Satirist Sam Lipsyte follows up his decade-defining novel The Ask with a new collection of short stories: The Fun Parts. In one of the best entries, “The Republic of Empathy,” a man wakes to find himself suddenly a father of two and living in the suburbs—right before he is blown to bits by a predator drone experiencing a crisis of conscience. It’s a moment that crystalizes Lipsyte’s vision—Kafka for an aging Generation X.

At the heart of The Fun Parts is the question of authenticity in a media-saturated age. In a culture that so unapologetically relishes its vapidity, where self-appointed experts rule the Internet, reality TV stars confess their deepest secrets during manufactured confrontations, and people carry out entire relationships in 140 characters or less, is satire even possible?

It’s this nebulous, almost surreal, quality of the early twenty-first century human experience on which Lipsyte turns his laser-guided gaze. Few can match his ability to lay bare all of our shortcomings, our yearnings to connect, and our self-aware hypocrisies.

Lipsyte is at his best when inhabiting the minds of middle-aged slackers unable to fit into the professional world or carry on meaningful relationships. They talk at each other in half-remembered movie clichés, the exchanges growing in Beckett-esque absurdity that, for the characters in this reality, pass for legitimate interaction.

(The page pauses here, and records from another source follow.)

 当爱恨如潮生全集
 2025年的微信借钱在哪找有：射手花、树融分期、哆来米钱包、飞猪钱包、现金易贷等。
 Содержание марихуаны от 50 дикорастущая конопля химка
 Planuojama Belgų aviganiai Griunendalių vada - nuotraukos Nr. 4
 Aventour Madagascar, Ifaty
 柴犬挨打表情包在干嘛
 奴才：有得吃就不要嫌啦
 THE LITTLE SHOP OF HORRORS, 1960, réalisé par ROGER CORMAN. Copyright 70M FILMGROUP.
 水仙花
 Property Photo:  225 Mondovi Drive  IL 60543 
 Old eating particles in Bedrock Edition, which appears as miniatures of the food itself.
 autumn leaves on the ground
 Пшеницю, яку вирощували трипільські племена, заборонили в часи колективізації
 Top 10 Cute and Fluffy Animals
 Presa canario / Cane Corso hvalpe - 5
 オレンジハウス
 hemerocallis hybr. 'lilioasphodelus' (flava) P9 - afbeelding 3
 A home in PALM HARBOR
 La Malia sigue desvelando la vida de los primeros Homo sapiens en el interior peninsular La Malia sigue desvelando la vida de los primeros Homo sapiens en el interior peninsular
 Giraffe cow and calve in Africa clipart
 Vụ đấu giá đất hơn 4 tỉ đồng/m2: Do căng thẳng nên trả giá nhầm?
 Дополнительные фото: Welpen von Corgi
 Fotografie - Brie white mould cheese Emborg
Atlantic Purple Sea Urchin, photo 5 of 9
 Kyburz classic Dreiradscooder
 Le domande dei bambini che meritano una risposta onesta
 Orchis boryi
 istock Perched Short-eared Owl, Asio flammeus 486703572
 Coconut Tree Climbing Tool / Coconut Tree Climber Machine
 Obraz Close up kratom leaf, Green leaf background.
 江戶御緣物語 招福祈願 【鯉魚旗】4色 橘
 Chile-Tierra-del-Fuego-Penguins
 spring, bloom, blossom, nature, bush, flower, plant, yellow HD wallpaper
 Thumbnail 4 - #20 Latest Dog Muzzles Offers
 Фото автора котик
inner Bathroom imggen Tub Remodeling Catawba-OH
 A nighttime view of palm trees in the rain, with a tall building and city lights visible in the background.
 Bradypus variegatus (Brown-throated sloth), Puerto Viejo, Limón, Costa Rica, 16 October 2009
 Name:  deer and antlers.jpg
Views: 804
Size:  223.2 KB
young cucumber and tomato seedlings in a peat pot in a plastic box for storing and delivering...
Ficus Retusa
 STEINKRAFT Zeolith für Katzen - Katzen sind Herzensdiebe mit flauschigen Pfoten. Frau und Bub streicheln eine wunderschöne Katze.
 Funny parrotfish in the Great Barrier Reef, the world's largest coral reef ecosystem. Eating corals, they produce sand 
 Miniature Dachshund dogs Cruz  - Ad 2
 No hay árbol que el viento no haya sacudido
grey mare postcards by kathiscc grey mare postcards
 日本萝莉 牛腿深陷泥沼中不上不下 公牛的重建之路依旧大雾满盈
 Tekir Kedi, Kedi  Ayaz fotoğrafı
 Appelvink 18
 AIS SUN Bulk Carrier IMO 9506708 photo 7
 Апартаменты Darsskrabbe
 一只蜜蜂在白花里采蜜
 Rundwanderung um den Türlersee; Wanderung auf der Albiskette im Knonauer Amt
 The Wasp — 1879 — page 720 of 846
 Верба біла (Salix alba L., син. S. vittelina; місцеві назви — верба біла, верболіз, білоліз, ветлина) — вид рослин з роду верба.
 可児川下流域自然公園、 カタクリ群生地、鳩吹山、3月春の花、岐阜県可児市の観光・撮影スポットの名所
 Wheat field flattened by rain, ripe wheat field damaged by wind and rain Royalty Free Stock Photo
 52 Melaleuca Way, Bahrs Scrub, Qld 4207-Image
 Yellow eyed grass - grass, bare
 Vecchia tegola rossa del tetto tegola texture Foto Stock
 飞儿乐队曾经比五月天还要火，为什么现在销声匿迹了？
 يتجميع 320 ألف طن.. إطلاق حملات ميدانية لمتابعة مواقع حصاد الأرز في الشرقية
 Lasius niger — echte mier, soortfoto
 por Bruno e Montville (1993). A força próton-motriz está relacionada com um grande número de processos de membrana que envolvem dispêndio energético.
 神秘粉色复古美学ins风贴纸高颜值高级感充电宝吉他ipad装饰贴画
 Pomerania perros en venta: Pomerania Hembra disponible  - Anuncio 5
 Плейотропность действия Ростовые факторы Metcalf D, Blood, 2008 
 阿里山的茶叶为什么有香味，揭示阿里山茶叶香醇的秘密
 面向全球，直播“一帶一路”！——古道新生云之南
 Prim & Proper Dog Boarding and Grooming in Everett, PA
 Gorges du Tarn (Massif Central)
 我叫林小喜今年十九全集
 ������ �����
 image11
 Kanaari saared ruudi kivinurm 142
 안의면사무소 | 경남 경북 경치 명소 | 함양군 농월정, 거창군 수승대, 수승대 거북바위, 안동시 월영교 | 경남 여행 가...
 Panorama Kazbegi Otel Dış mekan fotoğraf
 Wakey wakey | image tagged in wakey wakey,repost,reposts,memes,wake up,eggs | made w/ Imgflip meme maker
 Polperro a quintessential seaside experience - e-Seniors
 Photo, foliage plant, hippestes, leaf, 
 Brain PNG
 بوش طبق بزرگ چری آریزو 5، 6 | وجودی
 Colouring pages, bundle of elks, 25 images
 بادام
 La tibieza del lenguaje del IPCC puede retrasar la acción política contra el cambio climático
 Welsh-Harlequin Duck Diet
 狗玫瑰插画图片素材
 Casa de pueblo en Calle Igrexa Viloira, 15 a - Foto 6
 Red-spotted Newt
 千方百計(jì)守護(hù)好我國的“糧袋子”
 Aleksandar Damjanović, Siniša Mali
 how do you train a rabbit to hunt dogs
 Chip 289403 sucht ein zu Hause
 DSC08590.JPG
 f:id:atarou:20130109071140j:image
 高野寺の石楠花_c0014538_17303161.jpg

In “Expressive,” a man has mastered the art of arranging his facial features into shorthand expressions in order to elicit desired responses from others. He comes home one night after casually destroying a lesbian relationship to find his wife “sitting up at the kitchen table with a mug of coffee, like she saw it in a movie about a wife sitting up for her shitty husband.”

At times, the similarity of the collection’s narrators begins to feel repetitive. But the moments when Lipsyte reaches beyond his man-child avatars, as he does with the former addict and daughter of a Holocaust survivor in “Deniers,” are also the least effective entries.

Nevertheless, the collection is studded with nuggets of postmodern wit that pull into focus the jumble of our overcrowded brains.